Send back every record exactly.

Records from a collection
== == ==

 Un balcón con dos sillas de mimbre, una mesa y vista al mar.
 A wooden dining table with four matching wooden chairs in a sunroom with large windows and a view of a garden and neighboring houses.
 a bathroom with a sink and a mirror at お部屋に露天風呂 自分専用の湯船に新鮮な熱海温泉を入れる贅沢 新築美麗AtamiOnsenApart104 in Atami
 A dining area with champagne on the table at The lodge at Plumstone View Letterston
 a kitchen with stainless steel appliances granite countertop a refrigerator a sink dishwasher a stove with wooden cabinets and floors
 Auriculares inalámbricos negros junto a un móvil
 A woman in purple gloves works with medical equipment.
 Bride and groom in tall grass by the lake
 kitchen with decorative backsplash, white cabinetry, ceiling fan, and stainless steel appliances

== == ==

◆ Solution to this exercise
 Un balcón con dos sillas de mimbre, una mesa y vista al mar.
 A wooden dining table with four matching wooden chairs in a sunroom with large windows and a view of a garden and neighboring houses.
 a bathroom with a sink and a mirror at お部屋に露天風呂 自分専用の湯船に新鮮な熱海温泉を入れる贅沢 新築美麗AtamiOnsenApart104 in Atami
 A dining area with champagne on the table at The lodge at Plumstone View Letterston
 a kitchen with stainless steel appliances granite countertop a refrigerator a sink dishwasher a stove with wooden cabinets and floors
 Auriculares inalámbricos negros junto a un móvil
 A woman in purple gloves works with medical equipment.
 Bride and groom in tall grass by the lake
 kitchen with decorative backsplash, white cabinetry, ceiling fan, and stainless steel appliances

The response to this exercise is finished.